(DATA EXTRACT):

§ §

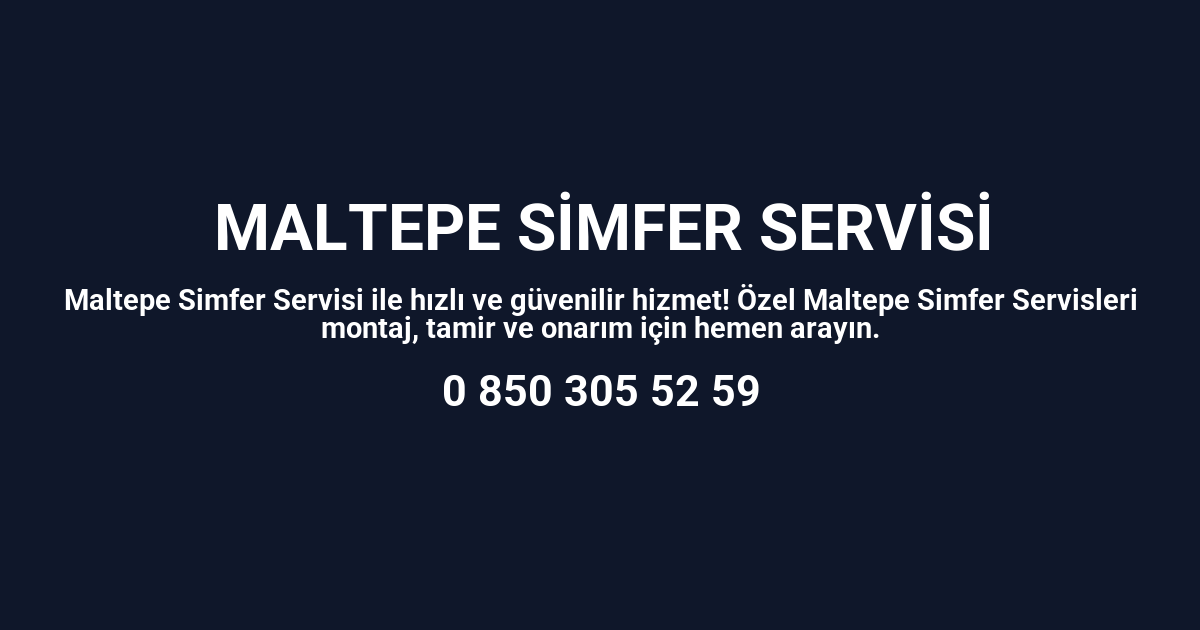 Maltepe Simfer Servisi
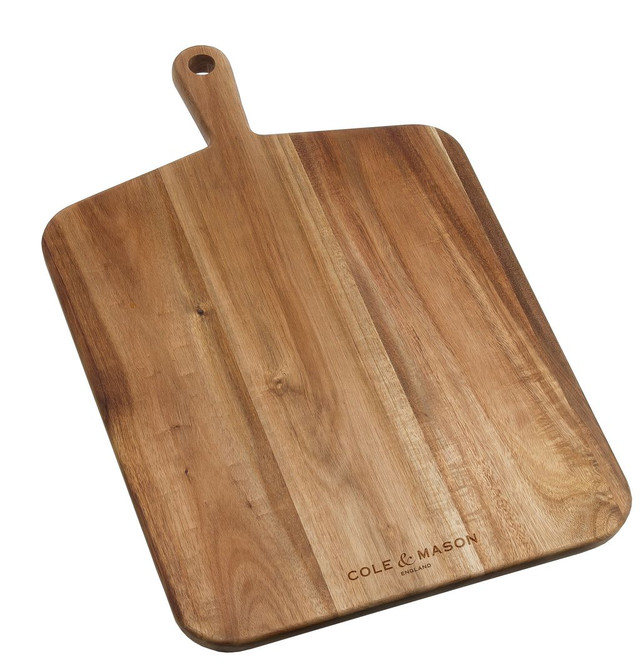 Cole & Mason Barkway Acacia Large Board with Handle Cole & Mason Barkway Acacia Large Board with Handle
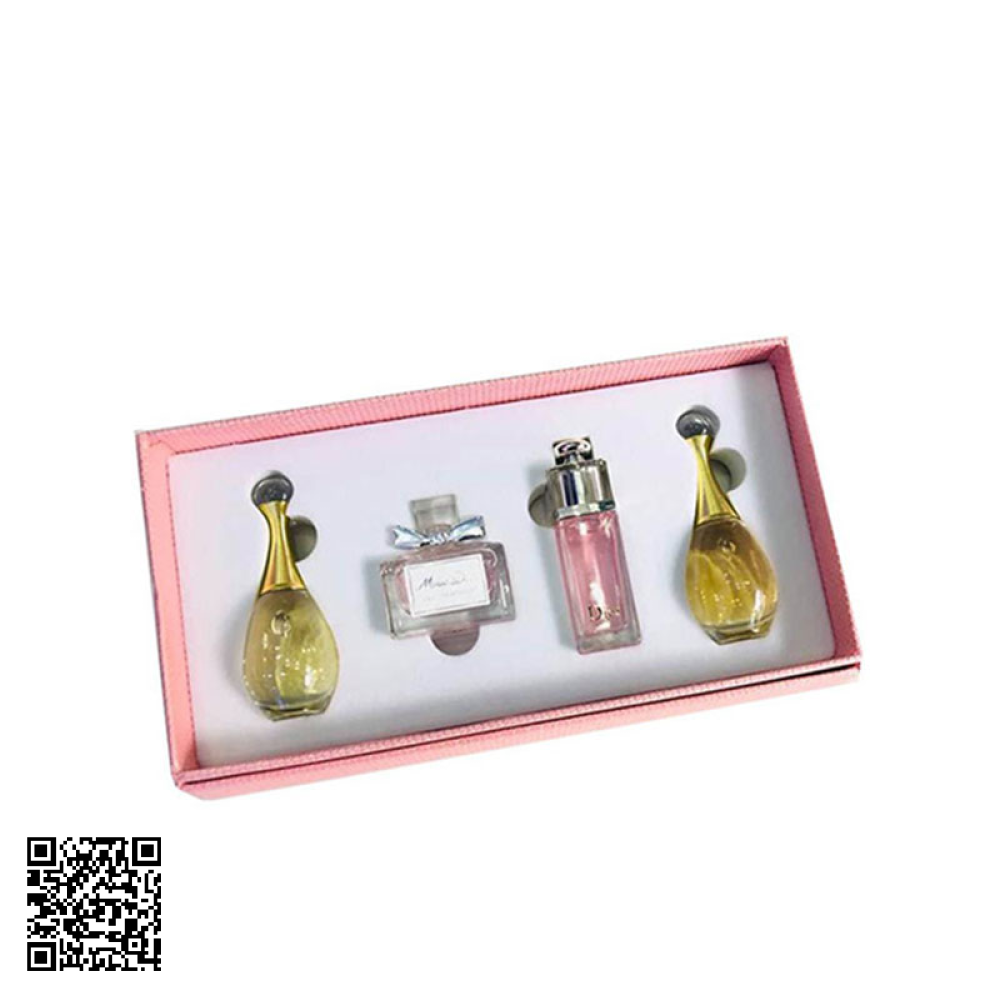 Gift Set Nước Hoa Dior Mini 4 Chai Pháp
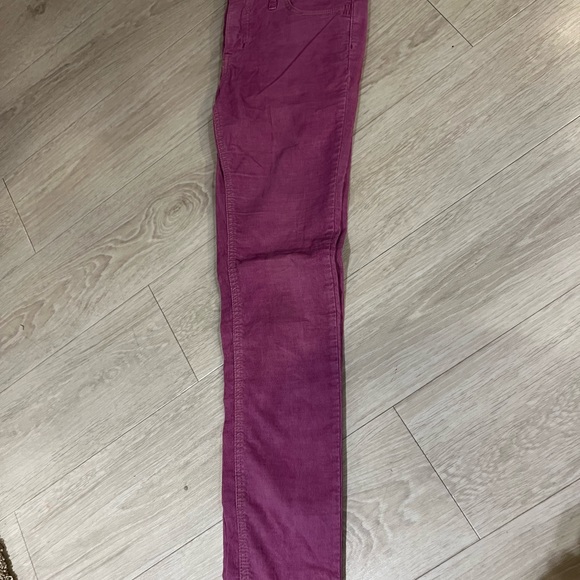 Rare Free People Vintage Fuschia Corduroy Pants - Picture 3 of 3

§ §

(PROBLEM TO WORK ON): All of the material shown above needs to be duplicated exactly. Omit every picture.

(WORKED SOLUTION):
 Maltepe Simfer Servisi
 Cole & Mason Barkway Acacia Large Board with Handle Cole & Mason Barkway Acacia Large Board with Handle
 Gift Set Nước Hoa Dior Mini 4 Chai Pháp
 Rare Free People Vintage Fuschia Corduroy Pants - Picture 3 of 3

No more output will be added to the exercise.